● EXERCISE OBJECTIVE
Reproduce, exactly and only, the lines of the data that follows from the one containing "My Pet Care" down to the one containing "Ein afrikanischer Schwarzer", without pictures.
(MATERIAL PROVIDED)
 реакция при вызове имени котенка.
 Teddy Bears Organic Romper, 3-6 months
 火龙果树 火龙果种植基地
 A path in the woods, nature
(End MATERIAL PROVIDED)
(MATERIAL PROVIDED)
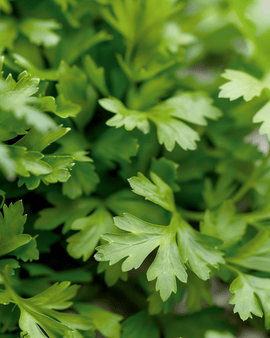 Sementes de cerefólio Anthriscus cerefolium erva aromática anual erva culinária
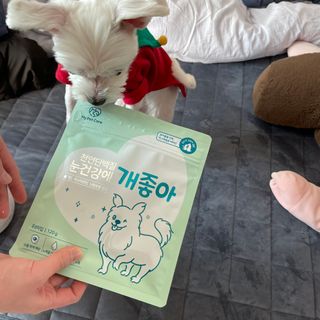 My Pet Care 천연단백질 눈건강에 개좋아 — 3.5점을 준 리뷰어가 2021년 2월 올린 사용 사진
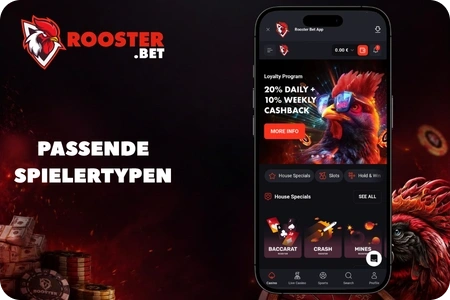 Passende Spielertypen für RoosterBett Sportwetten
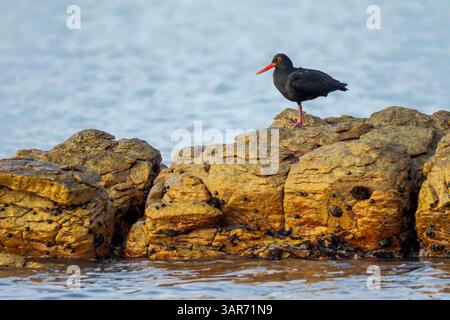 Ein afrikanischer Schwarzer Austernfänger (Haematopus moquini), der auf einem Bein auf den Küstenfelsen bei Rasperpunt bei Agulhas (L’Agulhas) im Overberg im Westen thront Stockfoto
(End MATERIAL PROVIDED)
● FINAL ANSWER
 My Pet Care 천연단백질 눈건강에 개좋아 — 3.5점을 준 리뷰어가 2021년 2월 올린 사용 사진
 Passende Spielertypen für RoosterBett Sportwetten
 Ein afrikanischer Schwarzer Austernfänger (Haematopus moquini), der auf einem Bein auf den Küstenfelsen bei Rasperpunt bei Agulhas (L’Agulhas) im Overberg im Westen thront Stockfoto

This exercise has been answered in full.